Répartiteurs tétrapolaires legrand 004880 pour circuits triphasés
Les installations triphasées nécessitent des solutions spécialisées pour la distribution des circuits. Le répartiteur tétrapolaire Legrand 004880 permet la connexion de quatre départs triphasés à partir d’une alimentation principale, avec une capacité de 125A par phase. Cette solution évite les raccordements multiples complexes sur les disjoncteurs tétrapolaires tout en maintenant l’équilibrage des phases.
L’intégration de ce type de répartiteur dans les armoires industrielles ou les installations tertiaires permet une gestion optimisée de la distribution électrique. Chaque départ dispose de sa propre borne de raccordement avec visualisation de l’état de connexion, facilitant la maintenance préventive et le dépannage. Le système tolère des sections de conducteurs de 1,5 mm² à 35 mm², couvrant la majorité des applications courantes.
Blocs de jonction ABB E259 pour applications industrielles
Dans le domaine industriel, les blocs de jonction ABB série E259 offrent une solution robuste pour les raccordements multiples de forte puissance. Ces dispositifs support
ent des capacités de raccordement jusqu’à 630A avec des sections de conducteurs allant de 10 mm² à 240 mm². La technologie de serrage par ressort garantit une pression de contact constante même sous contraintes thermiques élevées. Ces blocs intègrent des systèmes de test intégrés permettant la vérification de continuité sans démontage des connexions.

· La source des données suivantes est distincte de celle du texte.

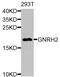 G Protein Subunit Gamma 10 antibody, PA5-76385, Invitrogen Antibodies, Western Blot image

La modularité de ces systèmes permet l’adaptation aux besoins spécifiques de chaque installation. Les indicateurs visuels de connexion éliminent les incertitudes lors de la mise en service, réduisant les risques d’erreur humaine. La compatibilité avec les systèmes de surveillance numérique permet l’intégration dans les architectures de maintenance prédictive, optimisant ainsi la disponibilité des équipements industriels.
Installation de sous-tableaux électriques divisionnaires
L’installation de sous-tableaux électriques divisionnaires représente souvent la solution la plus élégante pour éviter les raccordements multiples problématiques. Cette approche permet de déporter la distribution vers les zones de consommation, réduisant les longueurs de câbles et améliorant la sélectivité des protections. Un sous-tableau 63A peut alimenter jusqu’à 12 circuits terminaux, offrant une flexibilité maximale pour les évolutions futures.
La mise en œuvre nécessite le calcul précis de la charge prévisionnelle et la vérification de la capacité du tableau principal. Le bilan de puissance global doit intégrer les coefficients de simultanéité et les facteurs d’utilisation pour dimensionner correctement l’alimentation du sous-tableau. Cette démarche préventive évite les surcharges et garantit la pérennité de l’installation.
L’intégration d’un interrupteur différentiel 30mA en tête du sous-tableau assure une protection optimale contre les défauts d’isolement. Cette configuration permet également l’installation de dispositifs spécialisés comme les parafoudres ou les délesteurs sans encombrer le tableau principal. La traçabilité des circuits s’en trouve grandement améliorée, facilitant les interventions de maintenance et les modifications ultérieures.
Les retours d’expérience montrent que cette solution génère un surcoût initial d’environ 15% par rapport aux raccordements multiples, mais cette investissement se justifie par la réduction des coûts de maintenance et l’amélioration de la sécurité globale. Les compagnies d’assurance reconnaissent d’ailleurs cette approche et peuvent proposer des réductions de primes pour les installations particulièrement soignées.